What Looking Higher Looks Like
1. They Worship Together
Overwhelmingly, those Yes! couples who brought up reliance on God said they attended church together. Instead of a belief in God being the key factor, the commitment to do something about it—starting with going to church together—seems to be the key component in a happy marriage.
2. They Are Plugged Into a Faith Community
One very clear habit of the Yes! couples was a mutual friendship with other positive, supportive couples, including mentors. So it makes sense that churchgoing Yes! couples were highly likely to mention the need not just to go to church but also to be plugged in and active in their faith community. These couples mentioned being in home groups together, doing group Bible studies, engaging in service projects together, and so on—all of which are venues that provide opportunities to befriend, get support from, and share life with others.
3. They Share Key Values
Although I certainly spoke to some Yes! couples where the two partners identified with two different faiths, I found that to be a less common situation. One of the reasons that many committed churchgoing Yes! couples were happy is that both spouses were trying to adhere to a higher, external standard (the Bible) that they both agreed on, and thus they weren’t as likely to have a severe clash of values about important life topics such as parenting, sex, and money.
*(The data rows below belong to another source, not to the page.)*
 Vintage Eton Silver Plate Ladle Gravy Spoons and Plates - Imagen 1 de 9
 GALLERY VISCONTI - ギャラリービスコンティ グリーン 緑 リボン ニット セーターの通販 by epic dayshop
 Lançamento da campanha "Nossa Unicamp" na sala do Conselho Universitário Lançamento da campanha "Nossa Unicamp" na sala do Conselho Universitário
4. They Focus on Serving Their Spouses, Rather Than on Being Served
The importance of a focus on serving rather than being served received multiple mentions regardless of whether or not the person I was talking to was a person of faith. But the vast majority of Christian couples I interviewed brought it up.
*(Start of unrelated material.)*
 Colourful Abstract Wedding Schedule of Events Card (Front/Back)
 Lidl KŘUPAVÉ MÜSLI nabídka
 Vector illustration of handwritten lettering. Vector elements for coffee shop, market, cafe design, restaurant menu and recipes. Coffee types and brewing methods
5. They Look to God for That Power to Be Selfless— Because It Doesn’t Come Naturally!
The Yes! couples mentioned the deepdown struggle [to be selfless]. But they also frequently mentioned the answer— and it wasn’t simple willpower. Because if selfishness is indeed (as the Bible says) deep down in our natures, it would be pretty hard to generate enough willpower to consistently do the selfless, loving, giving thing. Every. Single. Time. Now, obviously, none of us can truly be perfectly selfless! But the Bible does give hope that a higher power is available to help. For example, in one of his letters, the apostle Paul wrote, “See that no one pays back evil for evil, but always try to do good to each other and to everyone else.” He then promises, “God will make this happen, for he who calls you is faithful.” I’m sure that is why many of the Yes! couples emphasized the need to rely on God’s power—not our own.
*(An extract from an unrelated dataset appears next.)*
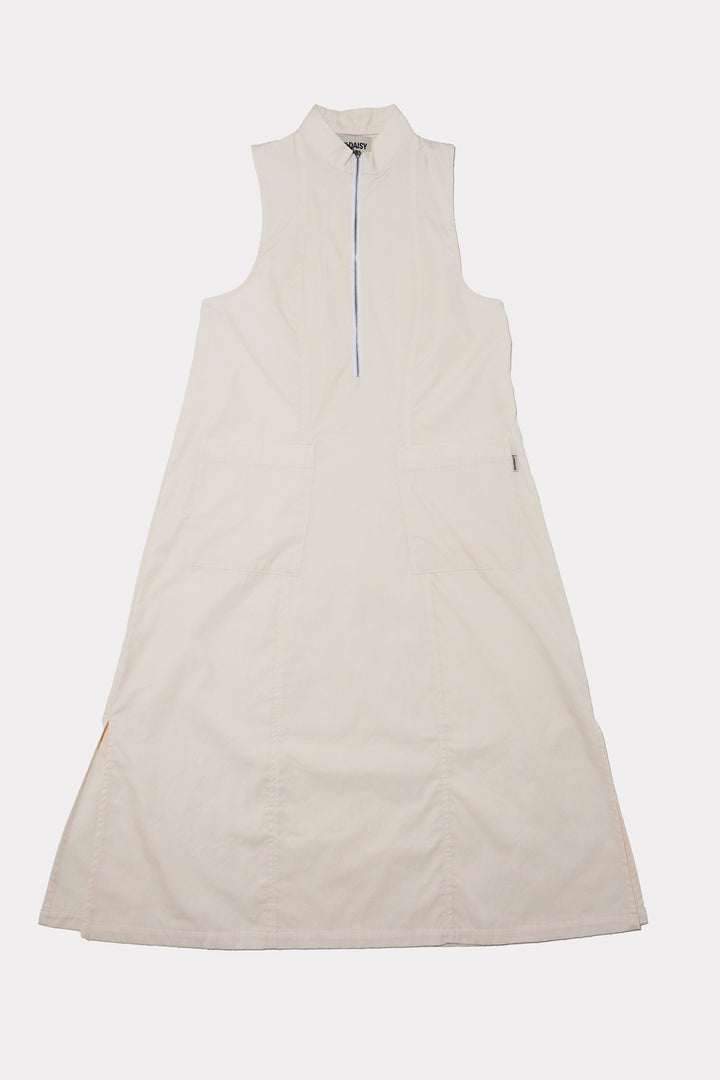 Amelie Sleeveless Zipped Dress In Cream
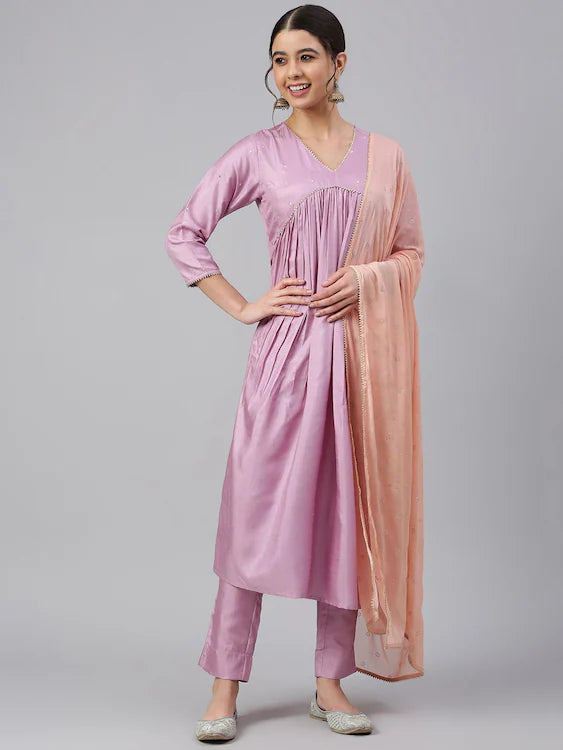 Women's Mauve Poly Silk Solid 3Pc Kurta Set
6. Ultimately, They Trust God for the Outcome
I have spoken to enough couples on both ends of the happiness spectrum to know that it can be scary to commit to meeting your spouse’s needs regardless of whether you expect to get your own needs met. But a powerful paradox can be hiding in that exchange. In fact, trusting God instead of another to meet your needs might be the most enduring security-producing choice you ever make.
How About Door Number Three?
Ultimately, it was clear that looking higher allowed the happiest marriages to flourish because each partner was looking to God for fulfillment and security and was not looking to marriage for something it was not designed to deliver. A large number of Yes! couples emphasized that although it is wonderful to want and to work for happy marriages, expecting marriage (or our spouses) to make us happy is a trap, since there is no human relationship that holds the key to happiness. Only God can provide that ultimate fulfillment we are all longing for.